Turkish nationalists plotted to kill Nobel winner


23 January 2008

ISTANBUL - Police believe Nobel laureate novelist Orhan Pamuk and Kurdish politicians were on the hit list of an ultranationalist group whose alleged members were detained this week, newspapers reported Wednesday.

Thirty-three people, including retired soldiers, journalists, nationalist lawyers and underworld figures, are being interrogated in Istanbul, prosecutors said in a statement.

They were detained Tuesday as part of a probe into the discovery of hand grenades and bomb detonators in a house in Istanbul in June, the statement said, without giving other details.

Police believe the suspects were planning to assassinate Pamuk, who won the 2006 Nobel literature prize, prominent journalist Fehmi Koru and Kurdish politicians Leyla Zana, Osman Baydemir and Ahmet Turk, the daily Milliyet reported.

Police are also investigating whether the suspects were involved in several politically motivated attacks that shocked Turkey over the past two years, the daily Sabah said.

They include the murders of ethnic Armenian journalist Hrant Dink, Italian Catholic priest Andrea Santoro and a senior judge killed by a gunman who stormed into the country’s top administrative court, the daily said.

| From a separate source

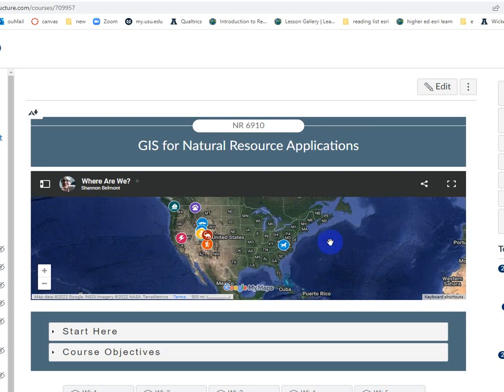It's specifically a Mercator projection. This is a classic projection used in maritime sailing because north is always up no matter where you are on the map, and the angles are preserved — I'll show you what I'm talking about in a second.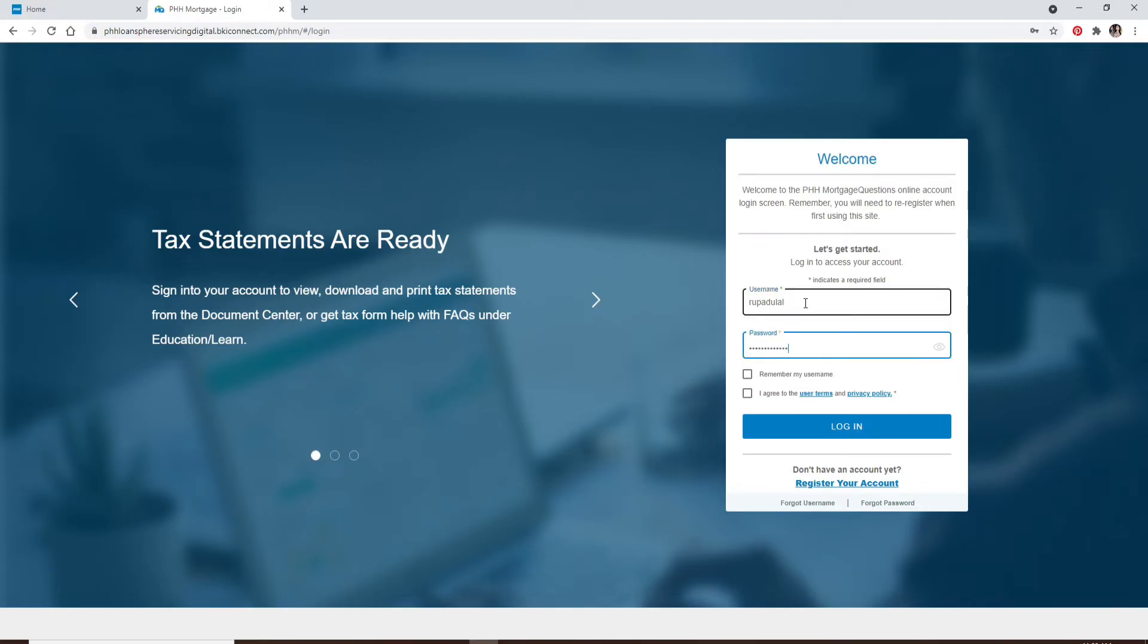Click on Remember My Username if you'd like the system to remember your username so that next time it'll be easier for you to log in. But if you are using a public or shared device, make sure to uncheck this box before moving on for your security.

Officials said the suspects include Kemal Kerincsiz, a lawyer notorious for initiating legal action against Pamuk, Dink and other intellectuals for disputing the official line on the World War I Ottoman era massacres of Armenians.

Turkey fiercely rejects Armenian claims, backed by several Western countries, that the killings were genocide.

Another prominent detainee is retired general Veli Kucuk, who has been accused of organising extra-judicial killings of Kurds in the 1990s.

The suspects also include a retired colonel, a newspaper columnist, the spokeswoman of the Turkish Orthodox Church and two prominent underworld figures.

Sabah termed the detentions a blow against the ‘deep state’-a term used here to describe members of the security forces acting outside the law to preserve what they consider Turkey’s best interests, often employing the services of the underworld.

Dink’s family claims that the journalist’s self-confessed teenage assassin was incited by people who remain at large and enjoy the protection of some members of the security forces.